Conclusion
Our findings highlight NOX4's potential as a therapeutic target in GC, where modulation can enhance efficacy of ferroptosis-inducing treatments, offering a promising strategy for combating this malignancy.
Methods
We evaluated NOX4 expression in GC tissues via immunohistochemistry and analyzed correlations with clinicopathological characteristics using TCGA and clinical data.

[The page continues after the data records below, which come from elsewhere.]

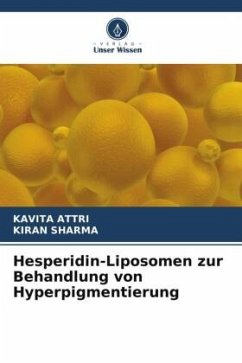 Hesperidin-Liposomen zur Behandlung von Hyperpigmentierung - Attri, Kavita;Sharma, Kiran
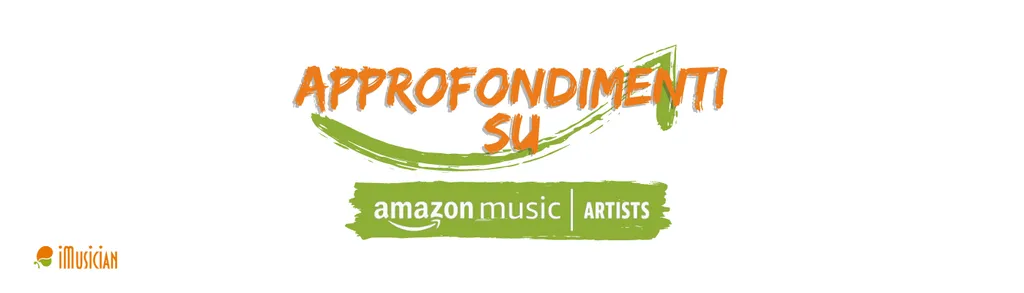 Approfondimenti su amazon music for artists imusician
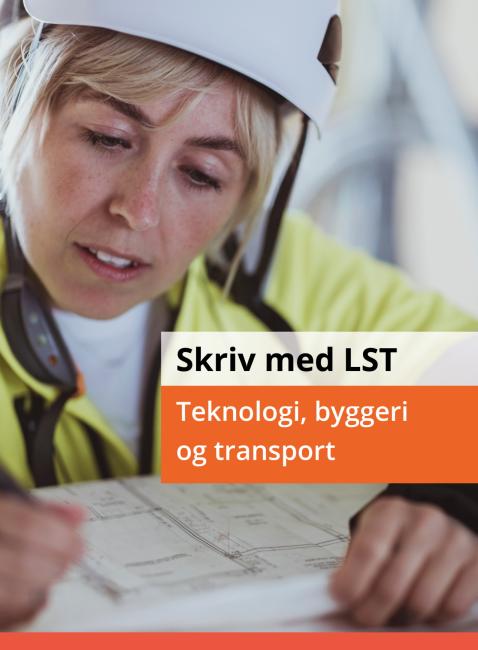 Skriv med LST - Teknologi, byggeri og transport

Impacts of manipulating NOX4 levels on GC cell invasiveness, proliferation, and sensitivity to ferroptosis inducers were investigated.
Objective
We assessed NOX4 expression in gastric cancer (GC), its prognostic significance, and underlying mechanisms, focusing on promoting ferroptosis through increased ROS production.
Results
Significantly higher NOX4 expression in GC tissues versus normal adjacent tissues correlated with decreased overall survival and increased tumor aggressiveness. NOX4 was an independent predictor of poor prognosis. Functionally, NOX4 manipulation influenced ROS levels, with overexpression enhancing production. Inhibition of NOX4 or application of antioxidants reduced cancer cell invasion and proliferation. Importantly, NOX4-overexpressing cells showed increased sensitivity to ferroptosis inducers, indicating synergistic effects between NOX4 and ferroptosis in suppressing GC progression.